Wednesday, 31 December 2008

Happy New Year!

Etching: Still Life (Etching and aquatint)

It's been a fascinating 12 months on Boogie Street, and I'd like to thank all of you who've followed me through this blog. Your comments have been a real and very welcome encouragement. I hope you'll stay with me in the coming year.

The choice of image may seem a strange one, but I see it as one of hope. The making of the etching itself, in 1998, wasn't really successful: the plate was left in the acid too long and the aquatint started to come loose. However, the end result, with platelets of aquatint shifting about probably makes the print more interesting than it might have been had it worked the way it was meant to. It's been a year of promise and achievement, but some things didn't work out. Despite that, shining through the shifting platelets of 2008, there's still the bright white light of 2009. Better stop there before I get too purple.

I wish you all a very happy and prosperous 2009. Happy New Year!

Tuesday, 30 December 2008

Travelling Sketchbook

Elaborate Hair-Do (pencil, A5 sketchbook)

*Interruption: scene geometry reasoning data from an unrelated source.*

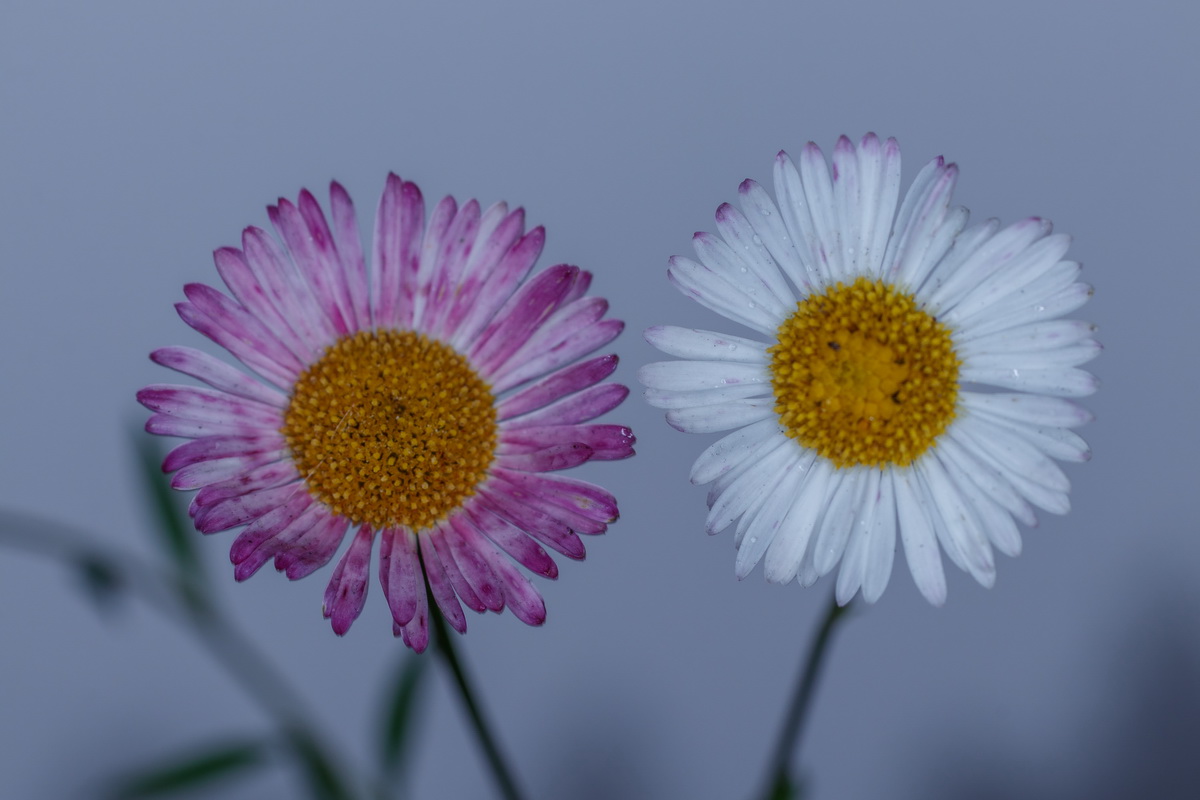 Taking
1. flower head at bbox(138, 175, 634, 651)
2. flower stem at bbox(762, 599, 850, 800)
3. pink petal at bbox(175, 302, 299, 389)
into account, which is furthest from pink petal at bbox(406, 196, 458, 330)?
flower stem at bbox(762, 599, 850, 800)

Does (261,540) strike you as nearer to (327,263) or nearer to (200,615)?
(327,263)

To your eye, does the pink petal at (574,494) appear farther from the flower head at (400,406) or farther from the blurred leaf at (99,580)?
the blurred leaf at (99,580)

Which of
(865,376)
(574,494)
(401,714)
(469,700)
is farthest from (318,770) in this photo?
(865,376)

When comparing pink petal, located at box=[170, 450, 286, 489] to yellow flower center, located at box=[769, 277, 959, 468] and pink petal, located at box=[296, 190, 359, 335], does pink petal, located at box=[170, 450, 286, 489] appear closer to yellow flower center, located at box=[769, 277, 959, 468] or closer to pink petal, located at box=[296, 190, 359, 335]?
pink petal, located at box=[296, 190, 359, 335]

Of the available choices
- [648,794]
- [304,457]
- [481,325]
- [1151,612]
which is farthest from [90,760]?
[1151,612]

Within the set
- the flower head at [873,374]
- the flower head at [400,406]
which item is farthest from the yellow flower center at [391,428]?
the flower head at [873,374]

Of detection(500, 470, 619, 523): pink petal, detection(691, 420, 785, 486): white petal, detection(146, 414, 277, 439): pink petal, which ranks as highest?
detection(691, 420, 785, 486): white petal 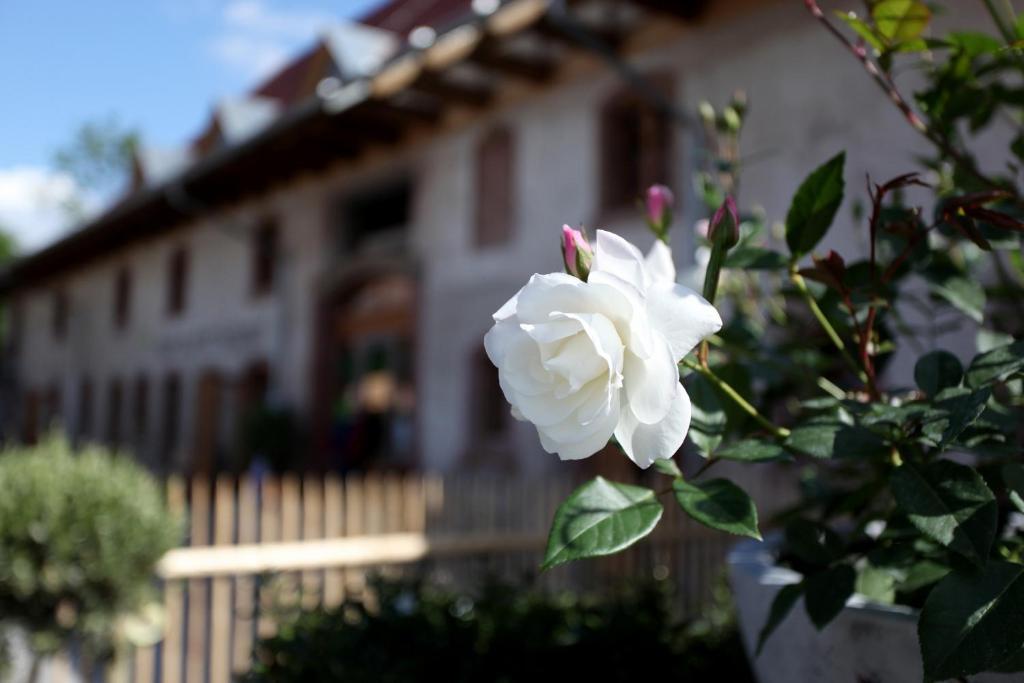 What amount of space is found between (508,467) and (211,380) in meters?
7.31

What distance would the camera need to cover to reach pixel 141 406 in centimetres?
1878

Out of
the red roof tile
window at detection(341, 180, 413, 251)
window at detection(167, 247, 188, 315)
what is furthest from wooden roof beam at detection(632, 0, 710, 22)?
window at detection(167, 247, 188, 315)

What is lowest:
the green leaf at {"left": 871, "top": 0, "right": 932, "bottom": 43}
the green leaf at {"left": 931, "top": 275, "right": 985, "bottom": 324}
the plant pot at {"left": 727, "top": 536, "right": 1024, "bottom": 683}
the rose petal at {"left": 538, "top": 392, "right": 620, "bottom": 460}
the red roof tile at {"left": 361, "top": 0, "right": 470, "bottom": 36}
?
the plant pot at {"left": 727, "top": 536, "right": 1024, "bottom": 683}

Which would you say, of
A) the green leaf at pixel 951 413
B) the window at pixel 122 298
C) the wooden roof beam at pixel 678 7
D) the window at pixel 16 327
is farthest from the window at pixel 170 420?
the green leaf at pixel 951 413

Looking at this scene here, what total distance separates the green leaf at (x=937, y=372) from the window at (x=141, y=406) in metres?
18.5

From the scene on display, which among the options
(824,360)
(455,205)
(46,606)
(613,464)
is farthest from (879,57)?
(455,205)

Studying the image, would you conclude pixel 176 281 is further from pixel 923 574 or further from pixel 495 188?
pixel 923 574

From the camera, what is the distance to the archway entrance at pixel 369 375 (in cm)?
1162

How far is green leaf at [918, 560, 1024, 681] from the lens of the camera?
3.11 feet

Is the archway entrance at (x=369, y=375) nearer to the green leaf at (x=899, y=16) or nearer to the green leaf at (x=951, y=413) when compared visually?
the green leaf at (x=899, y=16)

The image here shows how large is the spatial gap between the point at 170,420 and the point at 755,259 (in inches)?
690

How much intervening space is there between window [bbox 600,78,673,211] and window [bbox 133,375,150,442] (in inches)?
484

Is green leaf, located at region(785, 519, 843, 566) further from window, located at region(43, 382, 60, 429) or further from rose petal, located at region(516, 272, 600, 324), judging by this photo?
window, located at region(43, 382, 60, 429)

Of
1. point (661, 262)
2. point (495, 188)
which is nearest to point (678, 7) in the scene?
point (495, 188) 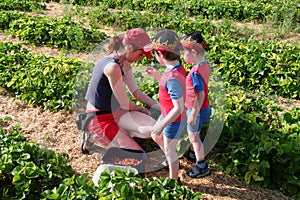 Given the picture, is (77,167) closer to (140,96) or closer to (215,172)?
(140,96)

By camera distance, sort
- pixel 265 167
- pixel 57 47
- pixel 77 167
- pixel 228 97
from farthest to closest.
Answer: pixel 57 47, pixel 228 97, pixel 77 167, pixel 265 167

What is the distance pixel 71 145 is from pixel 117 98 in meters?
1.11

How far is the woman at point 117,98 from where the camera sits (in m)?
4.22

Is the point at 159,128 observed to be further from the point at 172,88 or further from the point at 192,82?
the point at 192,82

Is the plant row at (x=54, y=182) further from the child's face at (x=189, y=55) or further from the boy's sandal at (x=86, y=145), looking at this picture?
the child's face at (x=189, y=55)

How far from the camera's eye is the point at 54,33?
8.70 m

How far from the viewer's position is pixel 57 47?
8.73 metres

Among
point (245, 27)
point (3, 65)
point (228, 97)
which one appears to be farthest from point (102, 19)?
point (228, 97)

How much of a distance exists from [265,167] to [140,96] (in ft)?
5.54

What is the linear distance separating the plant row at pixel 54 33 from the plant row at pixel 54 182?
4434 millimetres

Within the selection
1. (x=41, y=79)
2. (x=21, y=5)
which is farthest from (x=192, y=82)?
(x=21, y=5)

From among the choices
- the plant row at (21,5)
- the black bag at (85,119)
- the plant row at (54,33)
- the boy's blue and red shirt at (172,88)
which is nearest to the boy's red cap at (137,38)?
the boy's blue and red shirt at (172,88)

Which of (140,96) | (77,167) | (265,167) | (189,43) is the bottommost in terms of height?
(77,167)

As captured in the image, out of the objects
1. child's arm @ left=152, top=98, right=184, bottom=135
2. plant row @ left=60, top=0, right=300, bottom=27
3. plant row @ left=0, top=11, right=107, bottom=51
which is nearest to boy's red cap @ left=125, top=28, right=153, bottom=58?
child's arm @ left=152, top=98, right=184, bottom=135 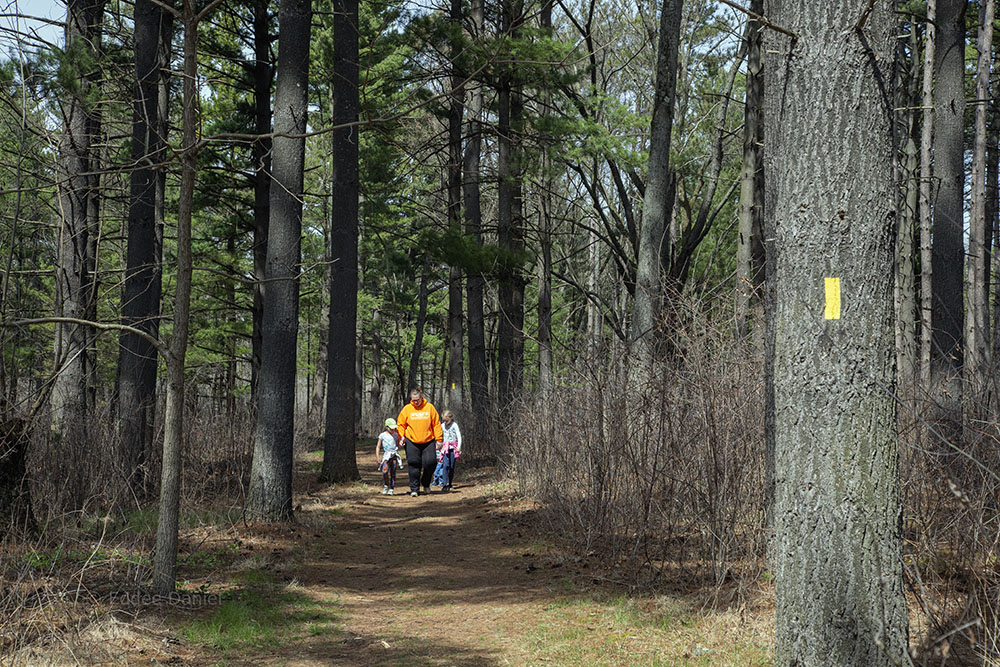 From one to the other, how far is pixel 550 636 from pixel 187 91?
4667 mm

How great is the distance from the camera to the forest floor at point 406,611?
5035mm

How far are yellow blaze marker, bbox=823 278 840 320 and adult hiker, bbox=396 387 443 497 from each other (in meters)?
10.3

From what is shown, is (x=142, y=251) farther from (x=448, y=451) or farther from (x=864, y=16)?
(x=864, y=16)

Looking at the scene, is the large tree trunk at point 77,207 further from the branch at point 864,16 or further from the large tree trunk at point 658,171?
the branch at point 864,16

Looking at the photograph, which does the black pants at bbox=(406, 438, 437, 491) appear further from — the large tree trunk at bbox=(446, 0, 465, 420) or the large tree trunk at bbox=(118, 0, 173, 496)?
the large tree trunk at bbox=(446, 0, 465, 420)

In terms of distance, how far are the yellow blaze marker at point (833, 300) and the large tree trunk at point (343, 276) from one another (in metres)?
11.0

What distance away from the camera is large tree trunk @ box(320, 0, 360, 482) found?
14008mm

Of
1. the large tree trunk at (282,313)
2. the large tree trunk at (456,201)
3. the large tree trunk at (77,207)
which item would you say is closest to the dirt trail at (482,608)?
the large tree trunk at (282,313)

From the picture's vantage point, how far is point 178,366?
18.5 feet

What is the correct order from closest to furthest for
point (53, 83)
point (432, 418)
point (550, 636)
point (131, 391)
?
1. point (550, 636)
2. point (53, 83)
3. point (131, 391)
4. point (432, 418)

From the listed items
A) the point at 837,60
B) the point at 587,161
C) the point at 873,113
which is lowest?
the point at 873,113

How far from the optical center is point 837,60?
397cm

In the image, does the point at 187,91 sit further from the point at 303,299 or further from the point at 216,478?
the point at 303,299

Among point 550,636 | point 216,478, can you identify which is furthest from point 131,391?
point 550,636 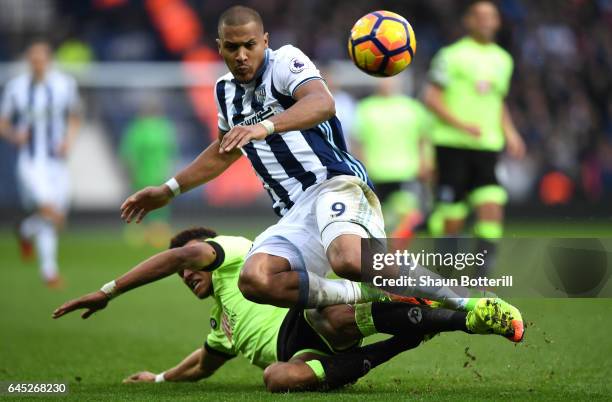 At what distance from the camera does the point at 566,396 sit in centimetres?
502

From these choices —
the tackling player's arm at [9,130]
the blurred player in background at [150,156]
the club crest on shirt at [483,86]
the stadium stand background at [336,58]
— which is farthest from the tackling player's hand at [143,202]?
the blurred player in background at [150,156]

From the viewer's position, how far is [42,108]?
12.6m

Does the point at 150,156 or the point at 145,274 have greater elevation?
the point at 145,274

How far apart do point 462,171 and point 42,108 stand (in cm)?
546

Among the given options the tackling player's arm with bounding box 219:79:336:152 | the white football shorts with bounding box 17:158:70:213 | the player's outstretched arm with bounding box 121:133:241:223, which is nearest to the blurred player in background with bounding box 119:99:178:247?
the white football shorts with bounding box 17:158:70:213

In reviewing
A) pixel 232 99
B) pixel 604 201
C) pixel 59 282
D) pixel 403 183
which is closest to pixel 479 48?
pixel 403 183

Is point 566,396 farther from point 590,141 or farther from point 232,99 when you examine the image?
point 590,141

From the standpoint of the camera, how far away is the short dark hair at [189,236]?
5.86m

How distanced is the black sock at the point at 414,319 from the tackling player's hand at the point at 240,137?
1096 mm

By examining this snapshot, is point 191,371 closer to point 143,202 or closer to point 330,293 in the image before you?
point 143,202

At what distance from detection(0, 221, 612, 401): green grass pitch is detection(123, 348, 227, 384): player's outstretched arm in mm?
Answer: 87

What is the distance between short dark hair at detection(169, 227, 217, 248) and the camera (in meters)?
5.86

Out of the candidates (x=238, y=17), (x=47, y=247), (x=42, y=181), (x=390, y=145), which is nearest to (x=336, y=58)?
(x=390, y=145)

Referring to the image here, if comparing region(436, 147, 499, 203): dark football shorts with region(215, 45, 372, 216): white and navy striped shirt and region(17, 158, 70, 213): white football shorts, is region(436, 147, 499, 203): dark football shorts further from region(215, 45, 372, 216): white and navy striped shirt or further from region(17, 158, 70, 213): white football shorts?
region(17, 158, 70, 213): white football shorts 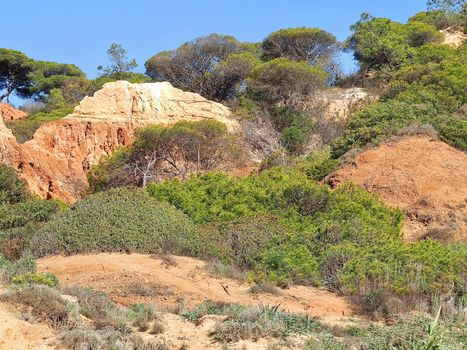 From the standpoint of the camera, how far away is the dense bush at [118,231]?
13984 millimetres

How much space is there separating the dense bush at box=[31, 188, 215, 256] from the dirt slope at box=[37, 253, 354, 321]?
475 millimetres

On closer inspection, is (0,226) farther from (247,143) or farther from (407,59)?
(407,59)

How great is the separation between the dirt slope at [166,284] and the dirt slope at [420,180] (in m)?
6.86

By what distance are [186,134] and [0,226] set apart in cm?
1406

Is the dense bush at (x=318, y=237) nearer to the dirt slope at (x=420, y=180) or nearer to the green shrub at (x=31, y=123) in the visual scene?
the dirt slope at (x=420, y=180)

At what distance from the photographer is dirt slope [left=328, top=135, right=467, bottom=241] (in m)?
18.5

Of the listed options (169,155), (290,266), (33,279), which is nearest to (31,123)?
(169,155)

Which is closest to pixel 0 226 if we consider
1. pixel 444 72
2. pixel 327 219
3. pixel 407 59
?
pixel 327 219

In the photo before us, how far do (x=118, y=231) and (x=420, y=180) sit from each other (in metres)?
9.98

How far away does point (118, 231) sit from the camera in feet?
46.6

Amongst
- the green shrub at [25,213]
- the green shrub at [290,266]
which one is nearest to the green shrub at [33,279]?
the green shrub at [290,266]

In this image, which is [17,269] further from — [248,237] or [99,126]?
[99,126]

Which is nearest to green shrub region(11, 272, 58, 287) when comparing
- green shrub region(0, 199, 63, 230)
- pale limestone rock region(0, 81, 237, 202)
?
green shrub region(0, 199, 63, 230)

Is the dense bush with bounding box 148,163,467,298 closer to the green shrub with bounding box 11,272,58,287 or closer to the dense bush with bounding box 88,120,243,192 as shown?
the green shrub with bounding box 11,272,58,287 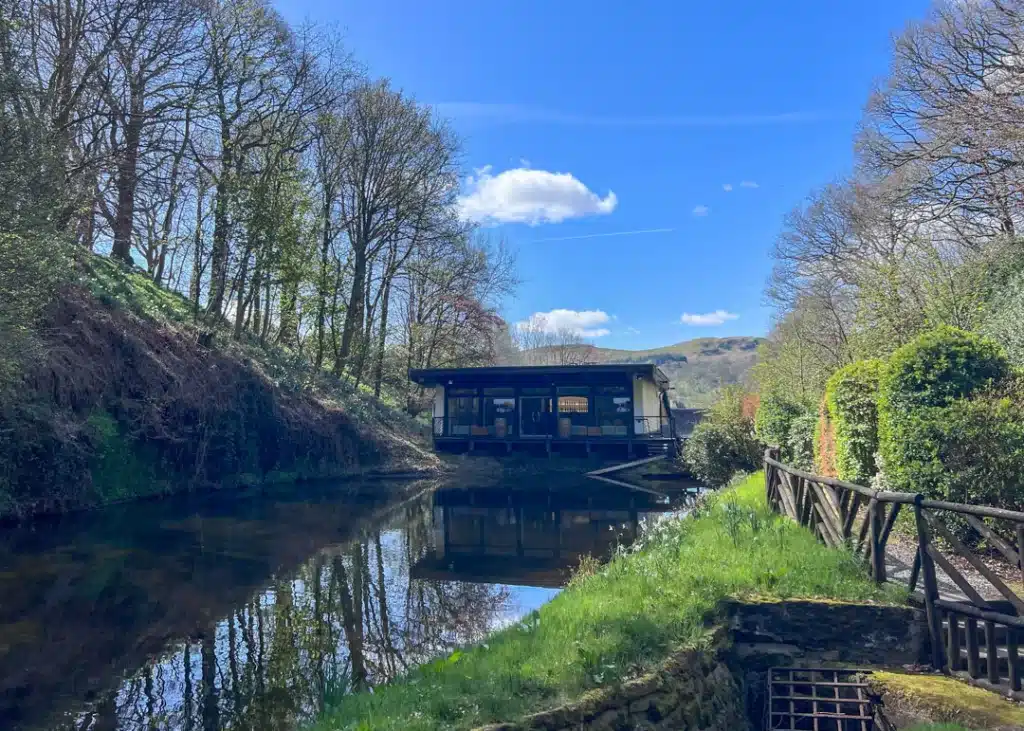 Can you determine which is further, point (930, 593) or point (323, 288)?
point (323, 288)

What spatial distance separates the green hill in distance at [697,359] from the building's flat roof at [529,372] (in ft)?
148

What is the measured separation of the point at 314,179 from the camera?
2677cm

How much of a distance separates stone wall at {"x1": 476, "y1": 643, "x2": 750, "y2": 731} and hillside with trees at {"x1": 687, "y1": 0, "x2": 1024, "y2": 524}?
137 inches

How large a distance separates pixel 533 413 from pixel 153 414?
15.9 m

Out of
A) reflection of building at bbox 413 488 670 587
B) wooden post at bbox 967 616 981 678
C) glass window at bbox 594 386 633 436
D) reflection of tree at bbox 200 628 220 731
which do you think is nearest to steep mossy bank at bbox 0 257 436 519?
reflection of building at bbox 413 488 670 587

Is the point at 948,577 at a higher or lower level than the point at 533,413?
lower

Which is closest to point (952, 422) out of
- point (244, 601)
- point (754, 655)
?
point (754, 655)

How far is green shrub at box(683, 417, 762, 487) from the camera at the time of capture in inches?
761

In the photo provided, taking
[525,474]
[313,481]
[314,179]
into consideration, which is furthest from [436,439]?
[314,179]

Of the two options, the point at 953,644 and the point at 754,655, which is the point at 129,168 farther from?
the point at 953,644

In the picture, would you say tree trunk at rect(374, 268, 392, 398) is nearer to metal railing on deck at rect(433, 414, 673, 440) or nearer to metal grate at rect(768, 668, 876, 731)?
metal railing on deck at rect(433, 414, 673, 440)

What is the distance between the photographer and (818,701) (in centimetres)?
461

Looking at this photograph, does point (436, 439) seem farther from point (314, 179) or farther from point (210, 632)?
point (210, 632)

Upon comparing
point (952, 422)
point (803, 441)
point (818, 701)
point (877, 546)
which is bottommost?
point (818, 701)
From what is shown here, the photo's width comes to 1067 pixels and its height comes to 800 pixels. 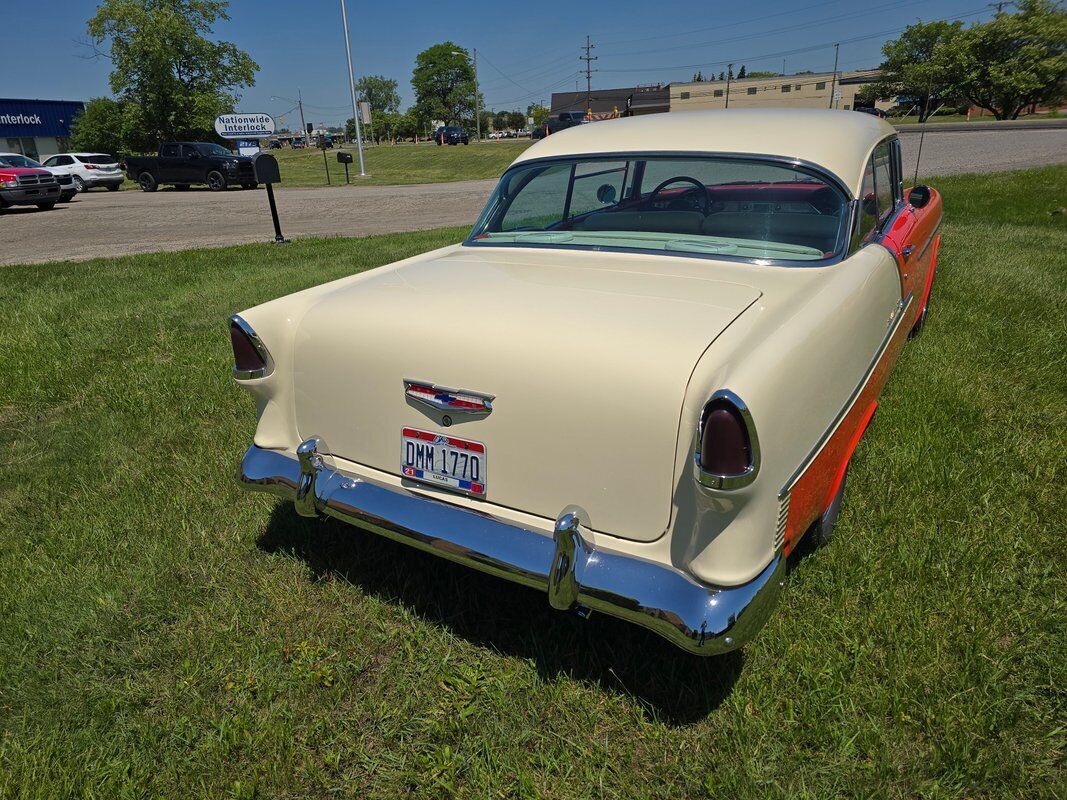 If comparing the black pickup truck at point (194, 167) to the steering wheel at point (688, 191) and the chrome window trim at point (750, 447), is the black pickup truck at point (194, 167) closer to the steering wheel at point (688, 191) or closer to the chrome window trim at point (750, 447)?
the steering wheel at point (688, 191)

Cold Calling (pencil, A5 sketchbook)
Two people drawn on the Metro, on the same page of my A5 sketchbook.


Clandestine (Epsilon 11)
Pencils: Rob Hansen; Inks and digital colour: Harry Bell
[Used with Rob's permission]

Back in the 1980s, my old friend Rob Hansen and I collaborated on some fanzine covers. This one, dated 1982, was for Rob's own fanzine, Epsilon, and I did the inking over his pencils. The subject seemed to suit this week's Illustration Friday subject, Clandestine, so this time round I added some digital colour.

Saturday, 27 December 2008

Xmas Unwrapped

Pension Kasteli (Oil on canvas, 12 x 12 ins.) (Private Collection)

It may have appeared that I'd stopped painting in the last week or so, but I've actually been working on this painting as a Xmas present for my partner, Pat. It was a secret, of course, so I couldn't post anything about it here as she'd be bound to see it.

At first, I thought I wouldn't be able to paint the hotel because the photograph I had was taken at such an acute angle. However, Photoshop proved itself more than up to the task. Using a Perspective Edit, I was able to stretch the building back into a face-on viewpoint. Photoshop never ceases to amaze me.

The painting is of the lovely little place we stayed in on Crete in September last year. Our room was at the back and I did this drawing from the balcony.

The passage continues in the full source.